Les Echos, no. 20943 - International, lundi 30 mai 2011, p. 8
De passage à Pékin, le ministre français de l'Agriculture a estimé que Pékin apportait son soutien aux projets de la France, en dépit de points « techniques » à résoudre.
Bruno Lemaire veut y croire. Le ministre français de l'Agriculture estime désormais un consensus « à portée de main ». Au terme d'une visite éclair à Pékin, il a déclaré que l'objectif de mettre tous les pays du G20 d'accord sur la question agricole semblait désormais accessible. Pourtant, l'idée d'inclure le sujet dans les débats, voulue par Nicolas Sarkozy, semblait peu réaliste il y a un peu moins d'un an, compte tenu des divergences profondes dans le monde sur ce sujet « stratégique et qui dépasse largement le champ de l'économie et du social ». Mais aujourd'hui, veut croire le ministre français, se développe la prise de conscience que « le système actuel est menaçant pour des zones entières de la planète », comme en ont témoigné les répercussions d'événements climatiques récents, à l'image de la sécheresse en Russie ou des inondations en Australie.
Pékin, en tout cas, ne devrait pas faire barrage au projet de texte soumis aux ministres de l'Agriculture des 20 pays les 22 et 23 juin prochain. Si la Chine n'avait jamais émis d'objections aux projets de Paris, elle a déclaré, cette fois, « s'engager totalement » aux côtés de la France et souhaiter une « décision concrète ». Des mots que Bruno Lemaire interprète comme un franc soutien à l'empire du Milieu.

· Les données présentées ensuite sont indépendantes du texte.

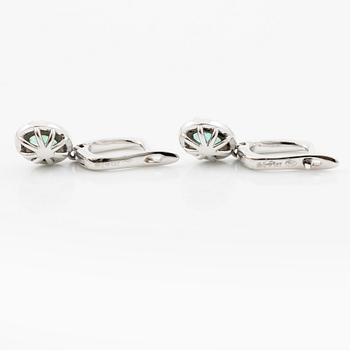 Ett par örhängen med fasettslipade smaragder och runda briljantslipade diamanter.
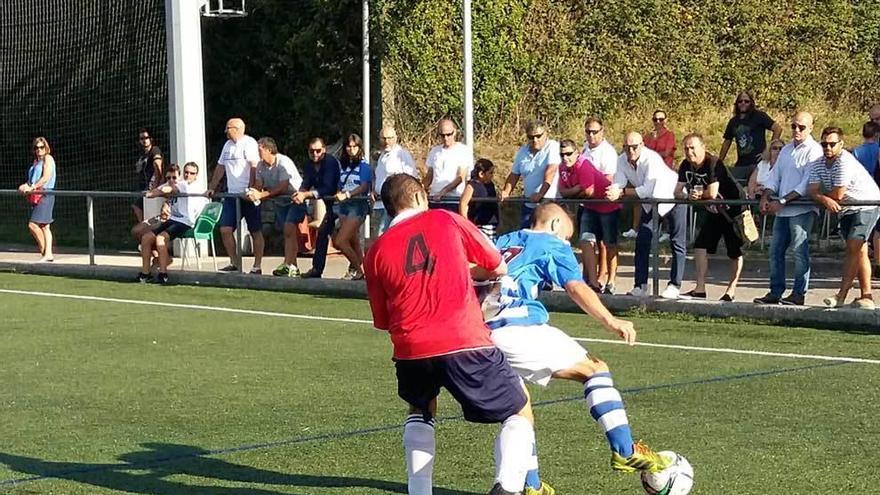 Un momento del partido entre el Avilés Stadium y el Bosco.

Transparence sur les productions
Certains sujets « techniques » restent toutefois à préciser, côté chinois. L'idée, voulue par la France, de renforcer la transparence sur les productions et les stocks mondiaux, inquiète une Chine encore loin de disposer de l'outil statistique nécessaire pour publier ses propres chiffres. Il faudra donc lui laisser du temps pour y parvenir. Quant au projet de limiter la capacité des pays à restreindre leurs propres exportations, il n'est pas du goût de ce pays gigantesque qui considère la question alimentaire comme « aussi stratégique que les armées », selon Bruno Lemaire, et relevant donc de sa souveraineté absolue. Là encore, il faudra des aménagements.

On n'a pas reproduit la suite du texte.